Exercise description ▸ Your answer should be one number: the count of lines in the records that include the word "near".

Provided entries ▸
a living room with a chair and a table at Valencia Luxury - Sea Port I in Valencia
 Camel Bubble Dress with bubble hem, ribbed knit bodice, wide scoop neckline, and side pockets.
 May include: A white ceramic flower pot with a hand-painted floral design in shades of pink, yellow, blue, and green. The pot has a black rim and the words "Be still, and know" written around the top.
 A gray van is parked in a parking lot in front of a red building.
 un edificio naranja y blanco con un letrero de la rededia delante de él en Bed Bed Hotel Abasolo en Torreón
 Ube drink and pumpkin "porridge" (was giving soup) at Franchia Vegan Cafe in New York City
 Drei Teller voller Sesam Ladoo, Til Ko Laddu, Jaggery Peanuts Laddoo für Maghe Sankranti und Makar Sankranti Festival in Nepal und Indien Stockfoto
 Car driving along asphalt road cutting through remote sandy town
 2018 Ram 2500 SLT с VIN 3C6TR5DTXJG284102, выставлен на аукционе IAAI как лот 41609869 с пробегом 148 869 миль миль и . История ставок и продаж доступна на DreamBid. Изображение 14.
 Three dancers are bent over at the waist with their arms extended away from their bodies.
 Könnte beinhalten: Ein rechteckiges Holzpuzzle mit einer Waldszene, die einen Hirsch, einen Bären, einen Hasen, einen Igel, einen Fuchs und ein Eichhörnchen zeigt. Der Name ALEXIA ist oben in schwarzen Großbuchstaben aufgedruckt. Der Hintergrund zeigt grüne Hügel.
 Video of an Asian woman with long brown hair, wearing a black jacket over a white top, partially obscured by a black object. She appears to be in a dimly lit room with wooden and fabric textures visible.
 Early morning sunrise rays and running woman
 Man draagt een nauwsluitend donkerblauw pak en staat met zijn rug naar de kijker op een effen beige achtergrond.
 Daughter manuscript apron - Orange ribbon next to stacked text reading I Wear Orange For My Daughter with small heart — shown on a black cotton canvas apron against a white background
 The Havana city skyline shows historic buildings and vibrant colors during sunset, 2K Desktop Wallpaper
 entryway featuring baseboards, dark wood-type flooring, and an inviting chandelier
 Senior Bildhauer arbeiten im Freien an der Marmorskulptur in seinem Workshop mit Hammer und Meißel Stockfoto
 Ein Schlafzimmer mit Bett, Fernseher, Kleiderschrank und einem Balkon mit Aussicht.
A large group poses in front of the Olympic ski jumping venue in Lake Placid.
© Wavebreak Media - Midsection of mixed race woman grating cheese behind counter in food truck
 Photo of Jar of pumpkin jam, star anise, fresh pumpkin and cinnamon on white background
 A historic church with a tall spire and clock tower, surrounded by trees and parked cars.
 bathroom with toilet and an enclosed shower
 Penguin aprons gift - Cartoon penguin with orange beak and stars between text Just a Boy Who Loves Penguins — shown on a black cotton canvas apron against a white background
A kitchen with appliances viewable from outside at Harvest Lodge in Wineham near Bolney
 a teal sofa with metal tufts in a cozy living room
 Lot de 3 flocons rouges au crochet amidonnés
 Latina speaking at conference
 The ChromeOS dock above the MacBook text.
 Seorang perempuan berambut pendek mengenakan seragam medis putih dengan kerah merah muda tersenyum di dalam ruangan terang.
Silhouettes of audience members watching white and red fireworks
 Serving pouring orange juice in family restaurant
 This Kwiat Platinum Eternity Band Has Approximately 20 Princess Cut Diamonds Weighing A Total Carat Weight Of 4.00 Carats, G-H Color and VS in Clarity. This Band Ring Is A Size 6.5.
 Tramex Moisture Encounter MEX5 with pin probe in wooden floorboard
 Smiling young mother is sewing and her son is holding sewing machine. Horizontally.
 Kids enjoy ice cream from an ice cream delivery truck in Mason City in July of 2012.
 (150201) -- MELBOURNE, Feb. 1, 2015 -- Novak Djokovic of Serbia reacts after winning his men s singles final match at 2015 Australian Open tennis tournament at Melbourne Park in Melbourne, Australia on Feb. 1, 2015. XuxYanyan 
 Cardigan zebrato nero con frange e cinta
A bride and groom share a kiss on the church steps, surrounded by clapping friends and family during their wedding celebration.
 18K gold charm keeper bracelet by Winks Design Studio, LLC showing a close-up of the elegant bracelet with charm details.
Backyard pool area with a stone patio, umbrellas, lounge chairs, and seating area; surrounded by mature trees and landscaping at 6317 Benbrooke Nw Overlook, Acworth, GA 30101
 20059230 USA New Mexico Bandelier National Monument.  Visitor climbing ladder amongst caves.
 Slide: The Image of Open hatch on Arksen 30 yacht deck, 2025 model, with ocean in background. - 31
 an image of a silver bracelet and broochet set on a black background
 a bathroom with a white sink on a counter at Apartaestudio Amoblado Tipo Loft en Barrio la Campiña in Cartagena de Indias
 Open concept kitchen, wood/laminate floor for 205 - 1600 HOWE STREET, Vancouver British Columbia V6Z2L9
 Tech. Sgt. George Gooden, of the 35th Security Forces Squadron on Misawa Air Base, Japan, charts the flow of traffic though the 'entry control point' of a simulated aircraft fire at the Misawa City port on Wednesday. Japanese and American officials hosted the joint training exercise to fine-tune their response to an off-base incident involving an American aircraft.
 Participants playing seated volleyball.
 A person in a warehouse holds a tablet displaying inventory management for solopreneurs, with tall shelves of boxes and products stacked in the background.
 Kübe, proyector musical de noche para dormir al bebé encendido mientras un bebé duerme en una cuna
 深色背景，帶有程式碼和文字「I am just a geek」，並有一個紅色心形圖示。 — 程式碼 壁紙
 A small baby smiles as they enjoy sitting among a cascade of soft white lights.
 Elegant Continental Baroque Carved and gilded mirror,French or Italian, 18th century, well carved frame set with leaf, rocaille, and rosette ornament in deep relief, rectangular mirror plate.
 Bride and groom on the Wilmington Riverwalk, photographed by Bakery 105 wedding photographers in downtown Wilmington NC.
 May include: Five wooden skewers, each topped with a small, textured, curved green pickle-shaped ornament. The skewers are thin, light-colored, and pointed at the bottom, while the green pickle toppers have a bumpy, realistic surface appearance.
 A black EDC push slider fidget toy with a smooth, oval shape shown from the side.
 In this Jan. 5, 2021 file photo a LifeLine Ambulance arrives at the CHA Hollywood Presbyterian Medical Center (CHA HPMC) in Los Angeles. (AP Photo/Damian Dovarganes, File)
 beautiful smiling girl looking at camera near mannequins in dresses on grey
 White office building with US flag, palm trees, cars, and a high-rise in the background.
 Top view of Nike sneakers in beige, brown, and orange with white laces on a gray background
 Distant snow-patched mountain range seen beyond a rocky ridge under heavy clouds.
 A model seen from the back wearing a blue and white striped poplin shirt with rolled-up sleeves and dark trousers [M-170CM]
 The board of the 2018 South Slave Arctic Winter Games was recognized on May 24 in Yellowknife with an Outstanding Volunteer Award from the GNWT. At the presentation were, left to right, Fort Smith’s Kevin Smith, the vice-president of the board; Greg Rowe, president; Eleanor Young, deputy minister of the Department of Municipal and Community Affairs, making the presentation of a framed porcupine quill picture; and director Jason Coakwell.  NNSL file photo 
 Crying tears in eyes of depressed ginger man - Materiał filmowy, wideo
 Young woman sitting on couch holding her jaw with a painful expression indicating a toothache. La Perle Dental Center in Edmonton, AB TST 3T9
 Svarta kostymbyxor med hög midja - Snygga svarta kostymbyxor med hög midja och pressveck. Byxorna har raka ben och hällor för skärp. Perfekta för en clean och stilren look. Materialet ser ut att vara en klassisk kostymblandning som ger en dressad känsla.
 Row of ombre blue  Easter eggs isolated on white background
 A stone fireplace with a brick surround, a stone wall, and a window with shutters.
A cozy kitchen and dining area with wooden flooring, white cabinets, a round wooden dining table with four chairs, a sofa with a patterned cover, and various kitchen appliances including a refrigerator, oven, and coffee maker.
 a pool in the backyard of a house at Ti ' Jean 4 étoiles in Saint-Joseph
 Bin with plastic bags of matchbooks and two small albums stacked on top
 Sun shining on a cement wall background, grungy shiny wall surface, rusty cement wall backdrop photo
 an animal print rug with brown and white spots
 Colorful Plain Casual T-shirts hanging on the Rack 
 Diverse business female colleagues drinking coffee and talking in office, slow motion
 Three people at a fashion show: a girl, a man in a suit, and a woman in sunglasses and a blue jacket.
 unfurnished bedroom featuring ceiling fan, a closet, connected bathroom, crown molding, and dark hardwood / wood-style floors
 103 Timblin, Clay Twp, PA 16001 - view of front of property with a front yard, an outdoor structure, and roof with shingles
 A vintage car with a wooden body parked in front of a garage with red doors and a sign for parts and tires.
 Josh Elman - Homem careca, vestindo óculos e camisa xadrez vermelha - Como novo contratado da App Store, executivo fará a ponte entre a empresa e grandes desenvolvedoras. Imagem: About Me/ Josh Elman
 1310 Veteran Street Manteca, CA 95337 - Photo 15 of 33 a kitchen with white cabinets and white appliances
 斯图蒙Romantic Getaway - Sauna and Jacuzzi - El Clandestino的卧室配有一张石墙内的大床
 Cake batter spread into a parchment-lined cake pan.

Reply ▸ 2